*** Opening of DATASET ***
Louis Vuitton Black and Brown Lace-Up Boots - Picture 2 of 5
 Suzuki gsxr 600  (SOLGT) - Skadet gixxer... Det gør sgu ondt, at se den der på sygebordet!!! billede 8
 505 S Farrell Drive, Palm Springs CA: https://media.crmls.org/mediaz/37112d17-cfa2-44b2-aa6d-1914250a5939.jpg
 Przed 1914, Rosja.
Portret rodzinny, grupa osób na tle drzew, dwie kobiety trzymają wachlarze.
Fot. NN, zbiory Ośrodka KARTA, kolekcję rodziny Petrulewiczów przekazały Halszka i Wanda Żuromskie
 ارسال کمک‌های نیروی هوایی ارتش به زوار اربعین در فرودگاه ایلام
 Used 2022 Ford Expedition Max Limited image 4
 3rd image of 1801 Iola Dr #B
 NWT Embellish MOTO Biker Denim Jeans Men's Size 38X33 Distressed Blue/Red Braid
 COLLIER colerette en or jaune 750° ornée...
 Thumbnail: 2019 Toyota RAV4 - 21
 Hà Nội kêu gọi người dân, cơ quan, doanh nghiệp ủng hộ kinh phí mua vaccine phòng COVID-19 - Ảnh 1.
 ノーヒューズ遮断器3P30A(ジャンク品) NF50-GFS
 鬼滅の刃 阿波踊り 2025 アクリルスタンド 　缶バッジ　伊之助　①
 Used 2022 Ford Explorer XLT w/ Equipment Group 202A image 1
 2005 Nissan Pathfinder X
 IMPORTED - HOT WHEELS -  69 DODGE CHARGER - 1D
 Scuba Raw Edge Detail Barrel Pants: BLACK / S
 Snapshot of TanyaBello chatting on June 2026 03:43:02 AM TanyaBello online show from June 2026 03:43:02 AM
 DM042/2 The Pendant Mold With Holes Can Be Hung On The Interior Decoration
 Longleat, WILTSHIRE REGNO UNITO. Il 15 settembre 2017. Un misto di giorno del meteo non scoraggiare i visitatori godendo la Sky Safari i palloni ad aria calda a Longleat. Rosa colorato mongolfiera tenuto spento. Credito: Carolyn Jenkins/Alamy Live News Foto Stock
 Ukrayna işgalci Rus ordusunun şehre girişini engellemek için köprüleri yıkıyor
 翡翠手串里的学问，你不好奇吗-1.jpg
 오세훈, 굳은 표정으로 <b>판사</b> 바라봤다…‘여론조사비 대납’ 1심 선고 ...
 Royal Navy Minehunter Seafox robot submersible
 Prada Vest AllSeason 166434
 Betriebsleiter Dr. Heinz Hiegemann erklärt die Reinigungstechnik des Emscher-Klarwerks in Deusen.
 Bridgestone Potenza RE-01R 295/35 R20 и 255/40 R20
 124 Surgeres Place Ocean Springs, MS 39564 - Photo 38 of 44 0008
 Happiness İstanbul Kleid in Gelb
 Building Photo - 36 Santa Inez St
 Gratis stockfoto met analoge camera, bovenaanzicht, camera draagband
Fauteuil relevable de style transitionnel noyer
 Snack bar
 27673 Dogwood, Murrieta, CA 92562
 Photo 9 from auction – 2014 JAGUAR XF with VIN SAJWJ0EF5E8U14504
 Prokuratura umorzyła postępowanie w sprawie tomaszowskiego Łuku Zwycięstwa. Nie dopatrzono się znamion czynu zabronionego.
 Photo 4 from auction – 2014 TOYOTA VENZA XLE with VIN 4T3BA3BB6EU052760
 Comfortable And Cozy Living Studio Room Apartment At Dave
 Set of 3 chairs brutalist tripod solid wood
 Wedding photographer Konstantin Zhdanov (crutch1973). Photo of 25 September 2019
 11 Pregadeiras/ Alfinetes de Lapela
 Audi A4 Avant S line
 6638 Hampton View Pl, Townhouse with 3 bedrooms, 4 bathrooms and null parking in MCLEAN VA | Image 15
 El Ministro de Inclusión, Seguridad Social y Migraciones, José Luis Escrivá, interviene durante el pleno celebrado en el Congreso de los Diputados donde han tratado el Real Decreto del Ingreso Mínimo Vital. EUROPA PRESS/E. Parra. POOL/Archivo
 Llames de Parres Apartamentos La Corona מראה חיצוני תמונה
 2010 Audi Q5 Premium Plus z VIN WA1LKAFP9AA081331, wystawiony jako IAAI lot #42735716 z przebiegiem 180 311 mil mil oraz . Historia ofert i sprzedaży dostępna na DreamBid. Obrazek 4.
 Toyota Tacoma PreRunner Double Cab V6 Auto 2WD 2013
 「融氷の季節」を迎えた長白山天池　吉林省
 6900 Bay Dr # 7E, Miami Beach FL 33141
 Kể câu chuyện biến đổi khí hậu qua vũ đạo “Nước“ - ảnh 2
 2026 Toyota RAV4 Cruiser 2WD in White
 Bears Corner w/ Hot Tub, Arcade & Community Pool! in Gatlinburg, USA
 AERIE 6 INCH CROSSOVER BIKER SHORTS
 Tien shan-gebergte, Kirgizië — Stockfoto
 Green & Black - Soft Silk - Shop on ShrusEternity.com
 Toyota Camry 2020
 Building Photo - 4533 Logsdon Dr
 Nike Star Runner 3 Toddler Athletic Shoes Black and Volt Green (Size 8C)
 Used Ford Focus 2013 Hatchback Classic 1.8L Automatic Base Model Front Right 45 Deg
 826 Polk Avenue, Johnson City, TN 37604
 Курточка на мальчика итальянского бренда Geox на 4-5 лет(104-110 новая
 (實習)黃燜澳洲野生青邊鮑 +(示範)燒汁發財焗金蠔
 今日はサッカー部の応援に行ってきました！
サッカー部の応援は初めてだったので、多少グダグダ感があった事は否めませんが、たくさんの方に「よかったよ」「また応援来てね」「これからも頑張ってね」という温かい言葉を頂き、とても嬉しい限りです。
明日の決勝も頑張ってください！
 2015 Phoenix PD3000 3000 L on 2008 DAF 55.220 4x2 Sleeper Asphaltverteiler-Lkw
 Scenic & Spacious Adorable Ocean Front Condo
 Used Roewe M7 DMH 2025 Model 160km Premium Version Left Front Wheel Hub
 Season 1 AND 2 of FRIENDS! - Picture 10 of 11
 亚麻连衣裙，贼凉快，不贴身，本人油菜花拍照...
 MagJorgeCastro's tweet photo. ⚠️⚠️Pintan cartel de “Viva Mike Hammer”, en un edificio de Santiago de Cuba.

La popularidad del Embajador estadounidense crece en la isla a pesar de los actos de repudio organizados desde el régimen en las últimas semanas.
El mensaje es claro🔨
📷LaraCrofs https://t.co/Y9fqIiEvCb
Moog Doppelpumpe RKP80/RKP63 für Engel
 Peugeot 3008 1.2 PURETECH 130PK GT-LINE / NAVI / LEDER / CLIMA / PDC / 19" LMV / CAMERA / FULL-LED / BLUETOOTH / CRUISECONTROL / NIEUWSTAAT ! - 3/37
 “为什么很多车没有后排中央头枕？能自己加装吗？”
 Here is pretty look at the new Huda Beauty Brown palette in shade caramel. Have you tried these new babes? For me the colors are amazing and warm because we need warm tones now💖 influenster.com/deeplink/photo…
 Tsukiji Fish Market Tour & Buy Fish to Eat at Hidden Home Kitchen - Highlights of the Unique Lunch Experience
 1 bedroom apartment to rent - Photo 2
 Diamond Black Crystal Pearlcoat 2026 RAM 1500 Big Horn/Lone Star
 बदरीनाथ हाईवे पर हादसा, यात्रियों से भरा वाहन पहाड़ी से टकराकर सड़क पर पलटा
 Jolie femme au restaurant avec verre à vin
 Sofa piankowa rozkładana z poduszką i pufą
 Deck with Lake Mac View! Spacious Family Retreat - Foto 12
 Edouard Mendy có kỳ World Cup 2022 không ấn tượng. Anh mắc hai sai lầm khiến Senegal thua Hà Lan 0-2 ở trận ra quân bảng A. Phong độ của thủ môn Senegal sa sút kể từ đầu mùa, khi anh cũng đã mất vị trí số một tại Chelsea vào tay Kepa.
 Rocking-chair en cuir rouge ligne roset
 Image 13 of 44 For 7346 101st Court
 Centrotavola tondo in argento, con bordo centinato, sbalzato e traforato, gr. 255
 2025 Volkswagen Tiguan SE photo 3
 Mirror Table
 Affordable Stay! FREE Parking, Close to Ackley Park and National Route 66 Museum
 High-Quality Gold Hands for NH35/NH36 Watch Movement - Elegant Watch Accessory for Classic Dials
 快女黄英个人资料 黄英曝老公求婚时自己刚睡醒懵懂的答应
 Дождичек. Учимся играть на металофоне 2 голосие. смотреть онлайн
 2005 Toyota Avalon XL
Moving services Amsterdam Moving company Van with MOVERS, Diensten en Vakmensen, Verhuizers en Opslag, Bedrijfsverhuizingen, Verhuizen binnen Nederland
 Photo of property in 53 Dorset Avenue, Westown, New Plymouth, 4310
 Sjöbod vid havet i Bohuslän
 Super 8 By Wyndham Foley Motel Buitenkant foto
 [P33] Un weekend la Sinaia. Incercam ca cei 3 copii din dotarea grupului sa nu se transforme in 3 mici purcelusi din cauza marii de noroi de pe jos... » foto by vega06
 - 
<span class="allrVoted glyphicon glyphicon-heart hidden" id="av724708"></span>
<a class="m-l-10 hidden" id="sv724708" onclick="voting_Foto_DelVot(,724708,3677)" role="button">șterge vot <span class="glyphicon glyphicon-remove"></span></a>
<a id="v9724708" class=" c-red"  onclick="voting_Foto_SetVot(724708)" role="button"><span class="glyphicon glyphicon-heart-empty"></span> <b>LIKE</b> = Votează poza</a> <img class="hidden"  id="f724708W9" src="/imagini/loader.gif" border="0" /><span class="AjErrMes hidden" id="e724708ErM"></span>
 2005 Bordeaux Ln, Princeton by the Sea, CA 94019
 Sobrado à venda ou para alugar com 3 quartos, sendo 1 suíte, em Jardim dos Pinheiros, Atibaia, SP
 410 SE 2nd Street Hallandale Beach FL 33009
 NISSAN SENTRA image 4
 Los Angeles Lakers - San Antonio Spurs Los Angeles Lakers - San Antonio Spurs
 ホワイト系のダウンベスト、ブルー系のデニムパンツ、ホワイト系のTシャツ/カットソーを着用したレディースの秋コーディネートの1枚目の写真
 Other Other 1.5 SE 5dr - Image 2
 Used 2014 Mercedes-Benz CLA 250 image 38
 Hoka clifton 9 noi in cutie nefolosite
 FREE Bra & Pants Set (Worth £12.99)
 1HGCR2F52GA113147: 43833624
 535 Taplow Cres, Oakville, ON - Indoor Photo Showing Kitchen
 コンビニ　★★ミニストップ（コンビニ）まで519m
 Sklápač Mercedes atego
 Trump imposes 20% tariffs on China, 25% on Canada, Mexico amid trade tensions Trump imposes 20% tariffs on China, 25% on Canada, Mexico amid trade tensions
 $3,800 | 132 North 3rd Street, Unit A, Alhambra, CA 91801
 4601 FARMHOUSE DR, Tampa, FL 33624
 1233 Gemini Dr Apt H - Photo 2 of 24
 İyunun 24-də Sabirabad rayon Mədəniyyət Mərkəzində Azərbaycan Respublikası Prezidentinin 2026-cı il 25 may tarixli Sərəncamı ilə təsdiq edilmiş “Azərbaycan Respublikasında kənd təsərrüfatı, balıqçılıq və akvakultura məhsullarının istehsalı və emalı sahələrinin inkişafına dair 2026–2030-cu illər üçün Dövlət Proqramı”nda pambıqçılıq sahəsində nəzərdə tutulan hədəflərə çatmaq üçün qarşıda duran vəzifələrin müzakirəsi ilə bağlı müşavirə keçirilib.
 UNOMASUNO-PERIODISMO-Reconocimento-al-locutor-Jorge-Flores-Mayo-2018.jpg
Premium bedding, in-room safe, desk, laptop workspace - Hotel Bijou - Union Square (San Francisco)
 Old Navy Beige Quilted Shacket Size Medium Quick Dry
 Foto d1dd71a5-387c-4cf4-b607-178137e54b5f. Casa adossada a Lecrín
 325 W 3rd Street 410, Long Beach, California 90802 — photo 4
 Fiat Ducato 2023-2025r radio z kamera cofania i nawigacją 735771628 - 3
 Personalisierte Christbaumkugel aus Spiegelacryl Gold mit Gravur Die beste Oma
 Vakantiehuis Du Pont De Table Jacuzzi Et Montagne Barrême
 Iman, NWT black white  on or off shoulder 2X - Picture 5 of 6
*** Close of DATASET ***
Take the lines above from the one containing "El Ministro de" down to the one containing "Llames de Parres", and transcribe them exactly, both ends included.

 El Ministro de Inclusión, Seguridad Social y Migraciones, José Luis Escrivá, interviene durante el pleno celebrado en el Congreso de los Diputados donde han tratado el Real Decreto del Ingreso Mínimo Vital. EUROPA PRESS/E. Parra. POOL/Archivo
 Llames de Parres Apartamentos La Corona מראה חיצוני תמונה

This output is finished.